VARR certifies recovery residences around the Commonwealth

"From there, we help mentor a lot of these recovery organizations to, you know, have the best practices, have some guidelines, and really put in our professional expertise on how to serve different communities in different areas," said Robert de Triquet, RCO Division Director at VARR. "There's…26 [recovery organizations]…We have close to 1000 certified beds and close to 100 recovery residences throughout the state of Virginia."

"Here in Virginia, it's always an uphill battle with substance use disorder. Although, the recovery landscape throughout the state is in a really good place," added de Triquet. "We have a lot of support from community resources locally, in communities statewide with VARR, and various types of recovery organizations. So we have a lot of resources here that are being utilized and the Recovery Corps will be able to kick it to another level."

Regarding the requirement that the Recovery Navigators have gone through recovery themselves, de Triquet said it is an important aspect to help those starting their journey.

De Triquet has been in recovery for six years and spent some time in a recovery residence.

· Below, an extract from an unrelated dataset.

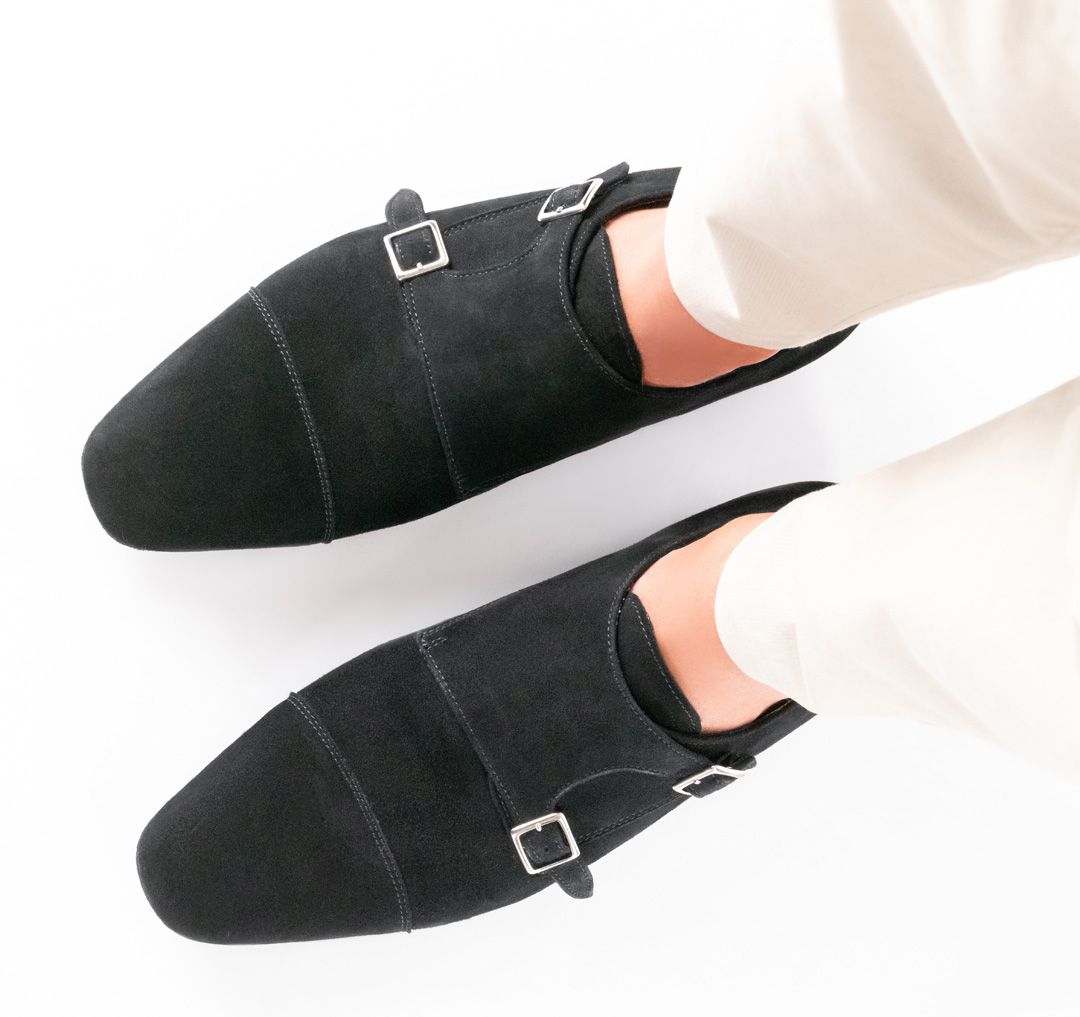 Tanzschuh Anzio - Werner Kern in schwarzem Veloursleder, klassisches Design mit verstellbaren Schnallen, handschuhweichem Veloursleder und Kalblederfutter, fantastisch bequeme Absatzhöhe von 2,0 cm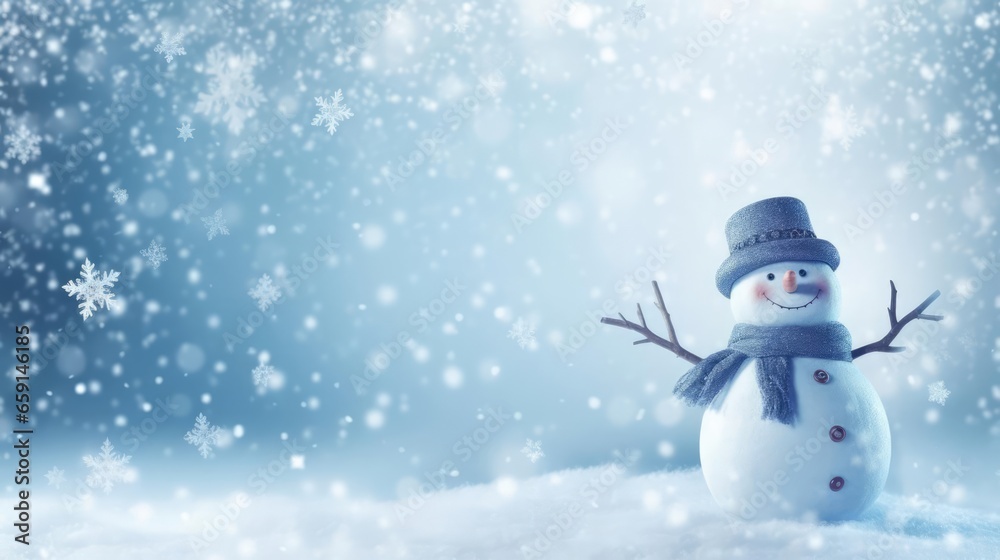 Christmas winter background with snow and blurred bokeh Merry christmas and happy new year greeting card with copy-space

"The lived experience for someone like me seeking to get my life back on track is so important for me to identify with another human being," said de Triquet. "Because as a person in recovery, I respond to a message of hope, you know. So, when I'm talking with the individual that is this beacon or, like, this lighthouse of hope it really generates some motivation within myself that, 'You know, what? This thing is possible and I can do this thing. And you know what? I can get my life back together because this individual has.'"

That viewpoint is shared by Claudia Fleming, who has been clean for three years and now serves as a program coordinator at The WAR Foundation, the same recovery residence where she went for help.

"Nothing like a peer-to-peer, you know. Just because that's an individual who has lived experience is different than someone saying, 'Well, you know, this is how you can do it.' As opposed to saying, 'This is what worked for me. And I know it works because I am a living witness of it.'," said Fleming.

Fleming looking back on her time before recovery is like looking at a ghost town in an old western movie.

"When you see, like, the hay and stuff, kind of, roaming around and it's just, that's kind of how it was internally. That's the person who I was. I was very lost. I was surviving, I wasn't living. And so, today, I'm living," said Fleming.

To those who might qualify for the new Recovery Corps program, Fleming said it is a chance to do something meaningful.

"It is a positive experience to help and give back what's been so freely given to you. It's a blessing to help other people and also help yourself. It is a good way to stay clean by working as a peer," added Fleming.

If you qualify or are interested in volunteering more information about the Virginia Recovery Corps can be found here. The deadline to apply is August 10.

BIPOC Mental Health Event

Along with preparing for the launch of the Recovery Corps program, VARR is also co-hosting a panel discussion on Monday, August 8 to discuss mental health in Richmond's Black community.

The event was initially scheduled for July as part of BIPOC Mental Health Month.